Commissioner of the Federal Maritime Commission
- In office August 1977 – October 1982
- President: Jimmy Carter Ronald Reagan
- Preceded by: Ashton Barrett

Member of the New Hampshire House of Representatives from the Cheshire 2nd district
- In office 1986–1988

Personal details
- Born: November 19, 1936 Columbus, Ohio, U.S.
- Died: December 5, 2023 (aged 87)
- Party: Democratic
- Education: Loyola University Georgetown University Georgetown University Law Center

= Richard J. Daschbach =

American politician (1936–2023)

Richard J. Daschbach (November 19, 1936 – December 5, 2023) was an American politician.
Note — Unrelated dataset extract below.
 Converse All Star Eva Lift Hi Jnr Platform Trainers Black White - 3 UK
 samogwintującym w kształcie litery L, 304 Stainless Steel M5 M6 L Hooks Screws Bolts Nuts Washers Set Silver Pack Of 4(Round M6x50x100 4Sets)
He served as a member for the Cheshire 2nd district of the New Hampshire House of Representatives.

== Life and career ==
Daschbach was born in Columbus, Ohio. He attended Loyola University, Georgetown University and Georgetown University Law Center.

In 1977, President Jimmy Carter nominated Daschbach to serve as a commissioner of the Federal Maritime Commission, succeeding Ashton Barrett. He served until 1982.

Daschbach served in the New Hampshire House of Representatives from 1986 to 1988.

Daschbach died on December 5, 2023, at the age of 87.